I realize there are various competing scores involved, but we have a couple cases where this logic should have worked but didn't.

rmm2002 authored an article (18068236) in " Int J Cardiol" but it isn't successfully mapped to the cluster that is almost pure Cardiology, and as a result is a false negative. What explains this?
jww2001 should map to 25623219 based on journal similarity.
rdgranst should map to 10951265 and 24763504
cnathan by virtue of his other publications in immunology should map to the journals associated with these articles which are highly focused on immunology: "19286131 11135572 16192449 9698876 7553846 1725935 2040651 2715632 7909663 2510571"
For ljgudas, these papers - 1939678, 2289970 - shouldn't be clustered with the large group of biochemistry/cancer papers. These two articles appear in J Dev Behav Pediatr, which is a psychiatry / behavioral science journal.
For rjm2002, these papers should be clustered with the larger group of radiology papers:
- 24065258
- 23849389
- 23245821
- 21694949
- 21266554
- 20876891
- 20813299
- 19237054
- 17901143
- 9124127
mroman studies cardiovascular disease as evidenced by the true positives, but there is a group of false negatives also in that field that got left out of the cluster:
- 2470462
- 2437995
- 24268115
brs9035 does cardiothoracic surgery as evidenced by the true positives, but there is whole other group of articles, that he didn't write, published in journals devoted to infectious disease and biochemistry:
- 8726063
- 1725235
- 10391869
- 19747126
- 19254170
- 9234818
- 7890377
- 8225606
- 1343780
- 1718309
- 20949003
- 9359860
- 7945236
- 2012611
- 15609239
- 9534976
- 8212028
- 1378233
- 1862522
- 1796476
- 1724806
- 9066029

jl987-Jie commented 9 years ago

rmm2002 authored an article (18068236) in " Int J Cardiol" but it isn't successfully mapped to the cluster that is almost pure Cardiology, and as a result is a false negative. What explains this?

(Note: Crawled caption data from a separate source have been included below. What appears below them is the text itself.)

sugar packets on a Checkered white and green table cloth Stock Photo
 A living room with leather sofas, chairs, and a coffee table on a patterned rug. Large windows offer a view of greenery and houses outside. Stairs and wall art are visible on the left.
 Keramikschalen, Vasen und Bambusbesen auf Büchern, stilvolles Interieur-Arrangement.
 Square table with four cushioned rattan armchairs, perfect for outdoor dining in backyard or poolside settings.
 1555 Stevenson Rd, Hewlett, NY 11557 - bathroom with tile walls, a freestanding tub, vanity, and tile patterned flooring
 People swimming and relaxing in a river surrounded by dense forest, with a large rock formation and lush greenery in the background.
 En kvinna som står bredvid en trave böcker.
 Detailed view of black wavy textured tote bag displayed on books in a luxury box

Assigned to the correct cluster by relaxing the constraint for affiliation matching from "weill cornell medical college" to "weill cornell". Another method would be to increase the journal similarity further.

paulalbert1 commented 9 years ago

Good thinking, @jl987-Jie. "weill cornell" should work for post-2000. "cornell medical" will work for earlier papers.

michaelbales1 commented 9 years ago

Jie has informed me that coding on this issue is completed.